Start of Block
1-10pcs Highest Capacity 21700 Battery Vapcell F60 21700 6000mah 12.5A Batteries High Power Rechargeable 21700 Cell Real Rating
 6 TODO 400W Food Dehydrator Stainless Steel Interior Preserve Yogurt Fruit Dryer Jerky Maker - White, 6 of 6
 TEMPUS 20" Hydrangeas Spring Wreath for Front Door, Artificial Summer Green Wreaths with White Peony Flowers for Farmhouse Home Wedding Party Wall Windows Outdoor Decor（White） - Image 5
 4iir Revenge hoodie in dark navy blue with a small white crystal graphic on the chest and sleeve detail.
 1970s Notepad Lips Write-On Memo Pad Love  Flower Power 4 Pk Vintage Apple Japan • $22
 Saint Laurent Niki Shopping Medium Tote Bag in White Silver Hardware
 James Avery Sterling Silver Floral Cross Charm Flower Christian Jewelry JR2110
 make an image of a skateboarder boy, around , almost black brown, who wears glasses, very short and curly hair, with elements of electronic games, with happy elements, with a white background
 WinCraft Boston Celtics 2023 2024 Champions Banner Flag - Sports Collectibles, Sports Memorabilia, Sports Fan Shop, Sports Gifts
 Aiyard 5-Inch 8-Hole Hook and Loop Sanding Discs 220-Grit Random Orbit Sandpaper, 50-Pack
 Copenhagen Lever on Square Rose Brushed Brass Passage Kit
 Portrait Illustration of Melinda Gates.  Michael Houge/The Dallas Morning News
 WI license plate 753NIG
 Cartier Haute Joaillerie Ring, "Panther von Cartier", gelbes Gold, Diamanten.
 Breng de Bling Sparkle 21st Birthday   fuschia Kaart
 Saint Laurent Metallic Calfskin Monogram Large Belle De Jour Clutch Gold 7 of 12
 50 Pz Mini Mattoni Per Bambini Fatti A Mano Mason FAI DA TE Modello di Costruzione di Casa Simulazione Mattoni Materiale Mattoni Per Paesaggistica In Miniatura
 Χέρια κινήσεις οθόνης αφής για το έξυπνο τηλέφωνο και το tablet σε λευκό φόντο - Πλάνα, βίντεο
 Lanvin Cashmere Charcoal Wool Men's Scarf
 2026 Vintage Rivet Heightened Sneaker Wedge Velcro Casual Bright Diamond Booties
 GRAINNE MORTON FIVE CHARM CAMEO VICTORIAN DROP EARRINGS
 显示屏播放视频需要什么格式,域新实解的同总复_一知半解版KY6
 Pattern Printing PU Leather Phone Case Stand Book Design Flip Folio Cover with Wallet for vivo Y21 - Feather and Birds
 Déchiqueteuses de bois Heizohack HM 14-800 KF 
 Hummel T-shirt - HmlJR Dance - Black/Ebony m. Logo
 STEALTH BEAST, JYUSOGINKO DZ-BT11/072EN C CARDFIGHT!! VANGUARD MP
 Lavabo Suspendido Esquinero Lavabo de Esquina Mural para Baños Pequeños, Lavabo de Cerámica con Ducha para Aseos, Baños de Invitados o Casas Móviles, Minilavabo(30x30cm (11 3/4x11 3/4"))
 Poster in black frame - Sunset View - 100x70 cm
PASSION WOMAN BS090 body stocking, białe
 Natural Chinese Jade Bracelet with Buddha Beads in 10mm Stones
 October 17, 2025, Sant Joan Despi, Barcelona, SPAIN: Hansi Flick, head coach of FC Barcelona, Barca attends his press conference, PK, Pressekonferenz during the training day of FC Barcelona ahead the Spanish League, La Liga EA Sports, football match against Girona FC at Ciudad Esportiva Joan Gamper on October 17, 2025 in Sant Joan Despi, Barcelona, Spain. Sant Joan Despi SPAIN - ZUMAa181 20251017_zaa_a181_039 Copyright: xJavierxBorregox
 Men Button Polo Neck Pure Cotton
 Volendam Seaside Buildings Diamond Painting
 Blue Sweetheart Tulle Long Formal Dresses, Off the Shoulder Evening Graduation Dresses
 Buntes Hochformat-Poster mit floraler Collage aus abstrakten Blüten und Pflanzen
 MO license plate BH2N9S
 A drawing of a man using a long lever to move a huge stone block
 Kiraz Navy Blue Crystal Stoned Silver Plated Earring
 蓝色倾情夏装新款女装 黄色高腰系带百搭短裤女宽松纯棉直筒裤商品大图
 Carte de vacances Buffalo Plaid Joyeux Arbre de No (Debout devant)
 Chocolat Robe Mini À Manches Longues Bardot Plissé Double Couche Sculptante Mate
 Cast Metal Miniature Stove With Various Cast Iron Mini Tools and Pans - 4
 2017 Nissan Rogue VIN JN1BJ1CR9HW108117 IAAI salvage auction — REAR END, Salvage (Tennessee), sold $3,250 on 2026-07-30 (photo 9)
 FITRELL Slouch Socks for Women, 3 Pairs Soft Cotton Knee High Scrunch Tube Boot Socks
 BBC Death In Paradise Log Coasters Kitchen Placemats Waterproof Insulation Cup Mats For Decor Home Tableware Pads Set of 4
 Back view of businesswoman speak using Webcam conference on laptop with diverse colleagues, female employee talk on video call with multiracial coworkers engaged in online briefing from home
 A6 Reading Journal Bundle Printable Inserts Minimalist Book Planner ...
End of Block
Aim of the task
Provide every line from the material that contains the word "Gold".

Answer for this exercise
 Cartier Haute Joaillerie Ring, "Panther von Cartier", gelbes Gold, Diamanten.
 Saint Laurent Metallic Calfskin Monogram Large Belle De Jour Clutch Gold 7 of 12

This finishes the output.